Sénégal. Tabaski 2017: les Imams sermonnent les hommes politiques

Le president Macky Sall, a la prière de l'Eid el Kabir

Le president Macky Sall, a la prière de l'Eid el Kabir. DR/

Le 04/09/2017 à 21h48

Pape Alioune Moussa Samb et Babacar Ndiour, respectivement imams de la grande mosquée de Dakar et de la mosquée Moussante de Thiès, tancent tour à tour, les autorités et certains milliardaires du pays. Les deux chefs religieux ont profité de leurs semons d’après la prière de la fête de Tabaski.

«La plupart des milliardairs africains ont acquis leur fortune de manière illicite», a asséné Alioune Moussa Samb aux fidèles venus prier à l’occasion de l’Aïd al-Adha. L’Imam de Dakar faisait allusion à certaines personnes proches du gouvernement et aussi aux hommes d’affaires qui, en un temps record, ont acquis des fortunes au Sénégal.

Selon lui, «il est quasi impossible d’acquérir des milliards en étant un simple salarié». Ce n’est malheureusement pas le cas au Sénégal et dans d’autres pays africains où la politique qui est devenue un «métier», est le moyen pour la majorité des responsables de s’assurer une rapide ascension sociale. Et certains hommes d’affaire véreux s’enrichissent sur le dos de leurs concitoyens. Par conséquent, il invite les principaux milliardaires sénégalais à «être plus solidaires avec leurs compatriotes».

Le préfet boude le sermon

Fidele à sa tradition, l’Imam Babacar Ndiour a profité de la prière de l’Aïd pour revenir sur l’actualité nationale et les récentes élections législatives sénégalaises. Le dirigeant de la mosquée Mousanté de Thiès a surtout insisté «sur une meilleure justice» et invite les fidèles musulmans à «la droiture, conformément aux recommandation de l’Islam».

Revenant sur l’organisation cahoteuse des législatives du 30 juillet 2017, l’Imam Babacar Ndiour a rappelé «qu’une élection est un point et non une fin». Selon lui, nous assistons tous les jours à des crises postélectorales dans divers pays du monde. Toutefois, la majorité des Sénégalais pensent que ce genre de problèmes n’arrive que dans d’autres pays ; ce qui n’est absolument pas le cas. «Il est possible au Sénégal, de faire l’économie de ce genre de crise en organisant des élections libres et transparentes comme dans les grandes démocraties», s’est-t-il adressé aux autorités.

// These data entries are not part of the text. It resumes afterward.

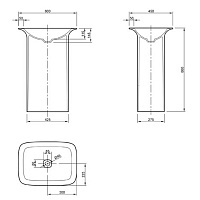 Knief Glam Раковина напольная 60х45х86h cм, K-Stone, выпуск в пол, цвет: белый матовый 0600-082-01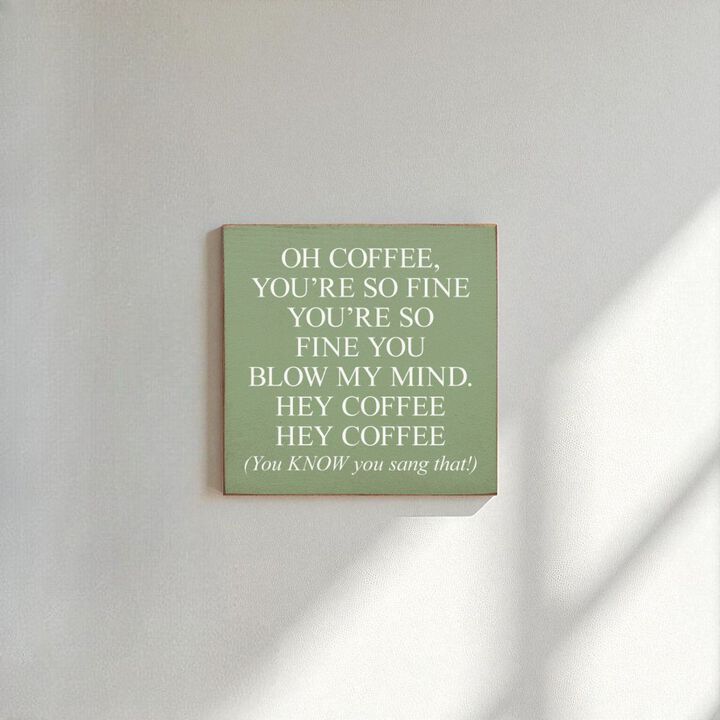 Funny Coffee Quote Wood Sign Wall Decor for Kitchen Coffee Bar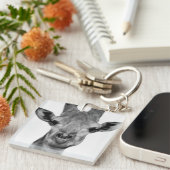 Porte-clés Photo de girafe noir et blanc (Devant Droit)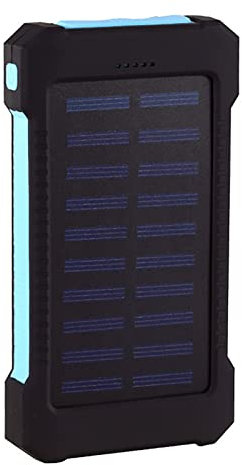 Batterie Externe Solaire Étanche 20000 MAh Chargeur Portable de Grande Capacité Ports USB Chargeur Externe Power Bank pour Smartphone Camping Lampe de Poche,Blue,139 * 75cm
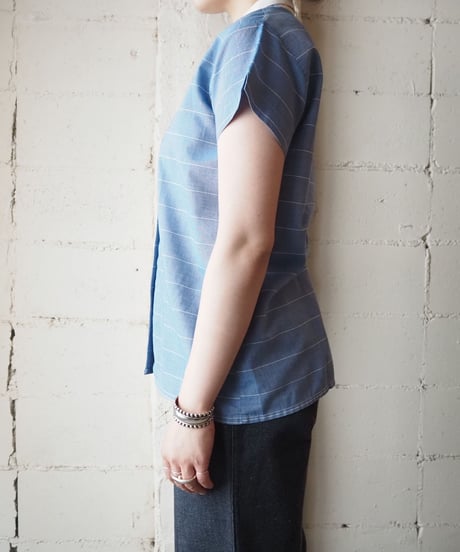Open Collar StripeShirt BLWH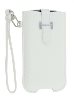 k-cool Genuine Leather Slide-in Case with Strap for Phones - Pearl White Leather Slide-in Case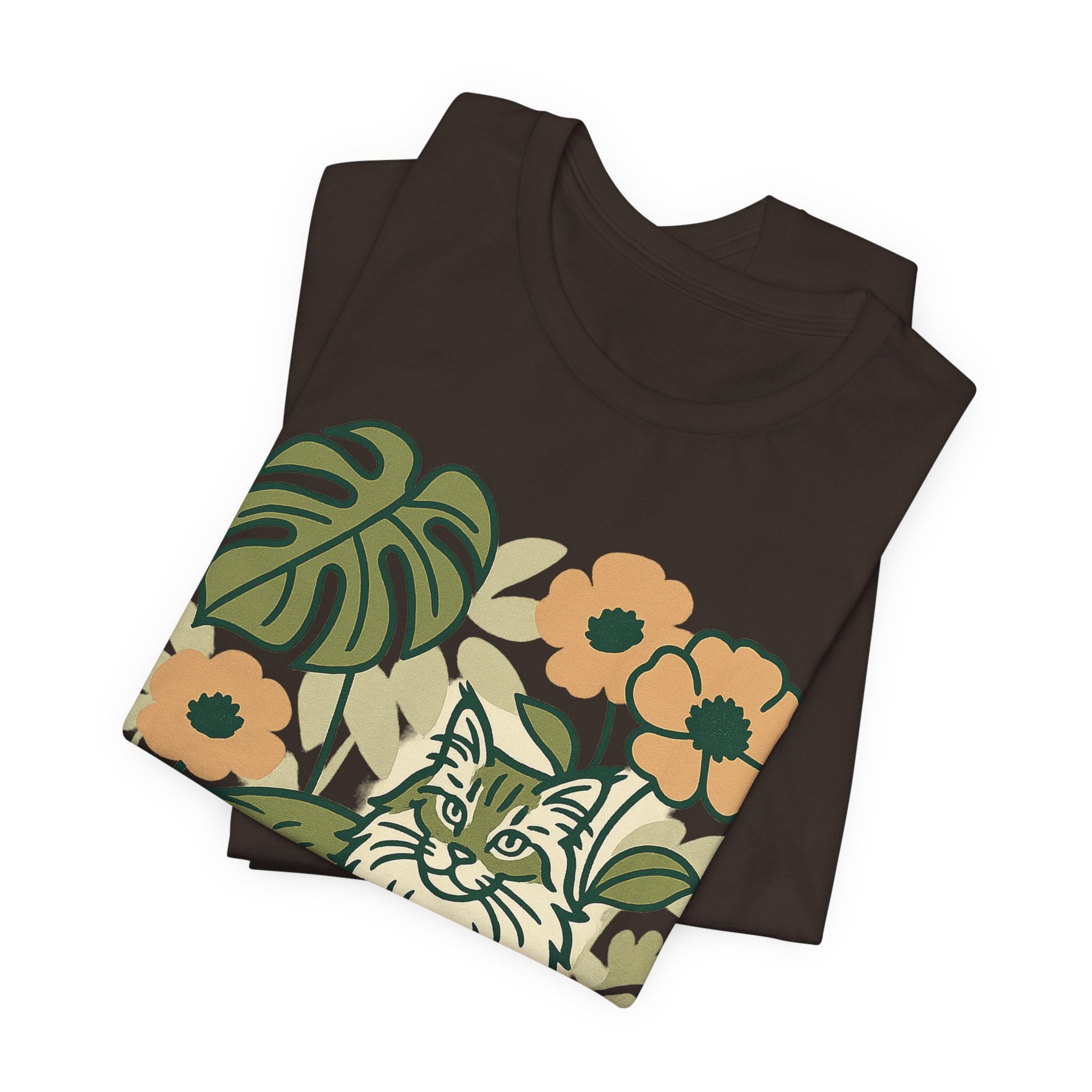 Cat with Plants Tee, Unisex Graphic Shirt, Pawsome Travel Shirt, Pet Lover Gift, Outdoor Adventure Apparel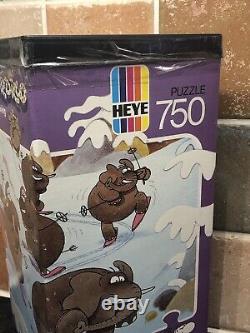 Sealed! Vintage 1989 Heye Heavy Skiing Mordillo 750 Piece Jigsaw & Poster Rare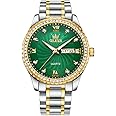 Men's Casual Stainless Steel Watch, Big Face Easy to Read Analog Quartz Watch with Day and Date, Classic Waterproof Diamond Roman Arabic Numerals Dial Dress Watch for Men, Gold Silver Black Band
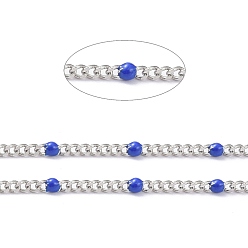 Royal Blue 304 Stainless Steel Enamel Curb Chains, with Spool, Soldered, Faceted, Royal Blue, 2.5x2x0.8mm, 32.80Feet/roll(10m/roll)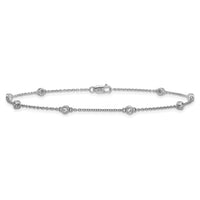 14k White Gold Diamond Station Cable Anklet-PM1012-020-WA-9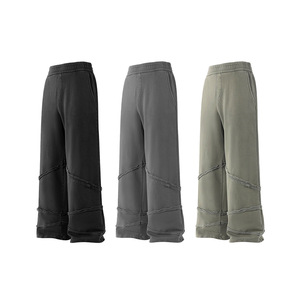 Pantalon droit pour homme en coton épais, taille mi-haute, coupe large, style rétro, délavé, avec coutures contrastées, tendance automne-hiver - Product Image 1
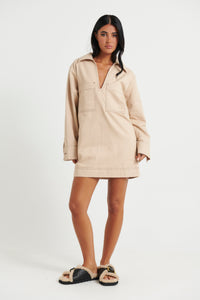 Tara Long Sleeve Dress Stone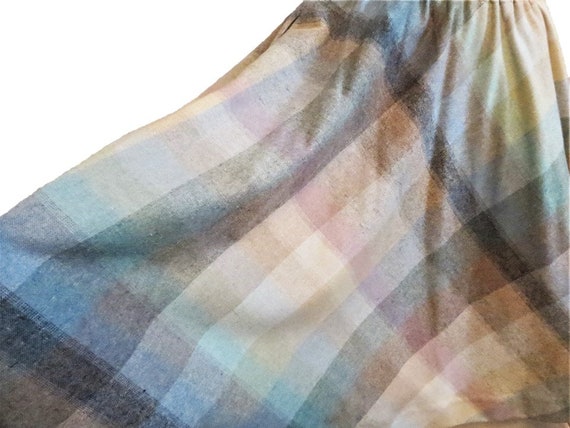 70s Full Plaid Skirt Diagonal Plaid Wool Blend, H… - image 5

Il a par ailleurs regretté le fait que la dernière campagne électorale ait servi de cadre «de dilapidation de l’argent». «De l’argent dont on ignore la provenance a coulé à flot à Thiès et dans toutes les régions du Sénégal», a-t-il souligné.

Profitant de l’ignorance de certains sénégalais, «des dirigeants ont précédé à des achats de conscience». Ce qui est, a-t-il dénoncé, «une forme d’exploitation injuste des nécessiteux». Il a également fustigé les détournements de deniers publics.

Toutefois, ce sermon prononcé par l’Imam Boubacar Ndiour de Thiès a suffi à mettre en colère Alioune Badara Samb. Très remonté contre l’Imam qui l’a mis très mal à l’aise avec ces mots, le préfet du département de Thiès n’a pas attendu la fin du sermon pour quitter la mosquée Moussanté de Thiès.

Prétextant ainsi que «les institutions de la république du Sénégal étaient attaquées», Alioune Badar Samb a alors boudé le sermon. Mais cette attitude «très peu conciliante du préfet de Thiès», n’est semble-t-il, pas appréciée par les fidèles venus nombreux participer à la prière de l’Aïd.